Woods won the award for a record fifth consecutive year and for the sixth time in the last seven years. Tom Watson had captured the award four straight times from 1977 to 1980.
'Congratulations to Tiger for his sixth Player of the Year Award,' said PGA Tour commissioner Tim Finchem. 'And congratulations also to the other four players nominated who produced outstanding results during the 2003 season.'
Woods was major-less for the first time since the 1998 season, which was also the last time he did not win the money title.
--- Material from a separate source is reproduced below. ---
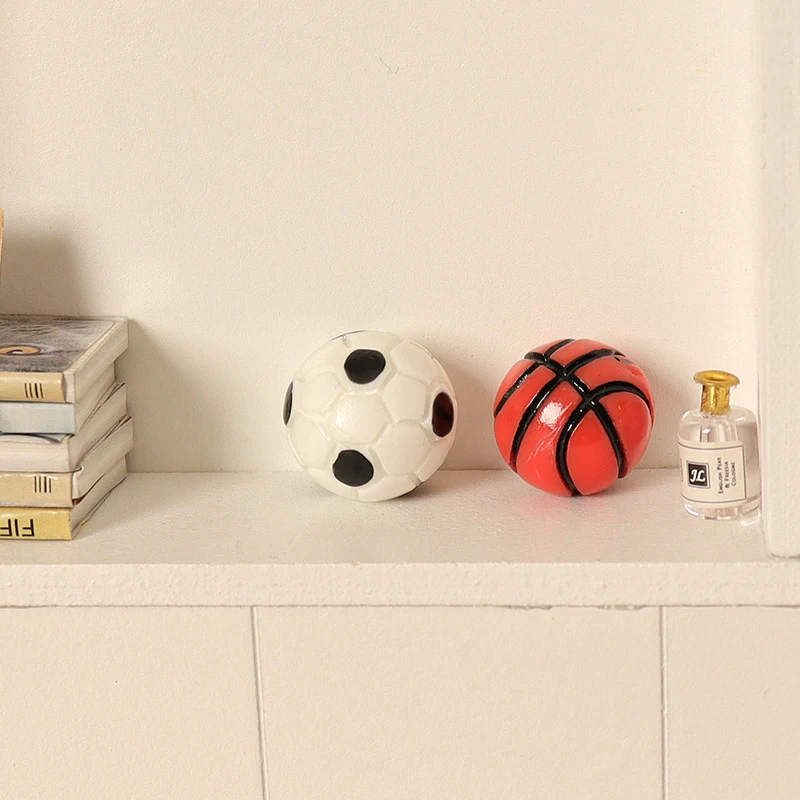 2 قطعة/المجموعة دمية مصغرة كرات رياضية نموذج 1:12 محاكاة صغيرة لكرة القدم وكرة السلة الرياضة في الهواء الطلق المشهد ديكور لعبة كرة القدم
Singh snapped Woods' reign atop the money list as he picked up a tour-record $7,573,907. The Fijian earned four wins on the season and posted 18 top-10 finishes in 27 starts. Singh's wins came at the Phoenix Open, Byron Nelson Classic, John Deere Classic and Funai Classic at Disney World.
Woods, who played in nine fewer tournaments than Singh, recorded 12 top-10s in 18 starts and won five times.
'Quite frankly, I would have been disappointed if I didn't win,' said Woods. 'Considering I had won five times this year.'
Woods also has several lengthy streaks going. He has made 114 consecutive cuts, breaking the record of the legendary golfer Byron Nelson. Also, he has been the No. 1 ranked player in the world for 226 straight weeks.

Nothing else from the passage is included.